OdpowiedzUwazam ze hd iron 883 ma w Polsce dobrą cenę jak w innych krajach EU ,ale koledze sie pomyliło albo jest tendencyjny i cenę irona podał bez vatu a z vatem to około 37000 wiec cena podobna jak yamaha bolt.Za to yamaha xv 950 jest w Polsce droższa niż np w Niemczech tak o 500 euro .Więc zastanawiając się skuszę się chyba jednak na HD ,bo w końcu charyzma i mit.Bez akcesoryjnego wydechu yamaha cienko dudni a harley na standartowych wydechach juz jest spoko.

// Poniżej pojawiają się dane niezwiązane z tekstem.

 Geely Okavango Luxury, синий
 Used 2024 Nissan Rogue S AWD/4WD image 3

OdpowiedzMasz rację - cena, którą podałem jest bez VATu. Że się tak dałem zrobić w bambuko, heh, w tym wieku :) Co jak co, ale nie myślałem że ktoś operuje cenami netto sprzedając towary dla odbiorców indywidualnych. Żebyś mnie nie zrozumiał źle - nie mam nic do Harleya a nawet bardzo mi się podoba. Od paru lat patrzę na konkurencyjne motocykle i to, co jeszcze zwróciło moją uwagę to 2 Hondy. Mianowicie Shadow w opcji Black Spirit, i VT750S, bardzo ładny klasyk, ale jego akurat nie widzę w tegorocznym cenniku. W każdym razie oba tańsze od H-D.
OdpowiedzCzopery odchodzą do lamusa. Tylko w Polsce bylo tak ze sprzedawały sie albo sportowe litry albo wielkie czopery. Teraz nadchodza czasy golasow i malych pojemnosci. Niestety to cudo nie zdobedzie szturmem ani Polski ani Europy.

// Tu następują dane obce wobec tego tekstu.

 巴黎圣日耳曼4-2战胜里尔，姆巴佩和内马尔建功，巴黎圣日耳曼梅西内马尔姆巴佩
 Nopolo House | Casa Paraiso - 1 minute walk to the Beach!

OdpowiedzRzeczywiście tylko w Polsce, bo na przykład HD z co i rusz nowymi modelami, Niedawno reaktywowany Indian i przejmujący coraz większy udział w rynku Victory Polaris to marki nastawione na polski rynek (jak rozumiem w kontekście twojej wypowiedzi). O całej gamie japończyków i Triumphie Rocket, które na brak zainteresowania w całej europie nie narzekają już nie musze chyba wspominać?
Odpowiedzale to nie jest "wielki czoper"...
OdpowiedzJaki by nie byl. Po cholere sie z tym użerać?
OdpowiedzA to już kwestia tego co się komu podoba :)
Odpowiedzmialby kosztowac 50 000 zł?ł to chyba zart? chopperki tej klasy pojem. zawsze kosztowaly ok 8 000 euro i tak ma być...za 50 to sobie japonczycy zyczyli przy maszynach 1,7-2 litry pojem.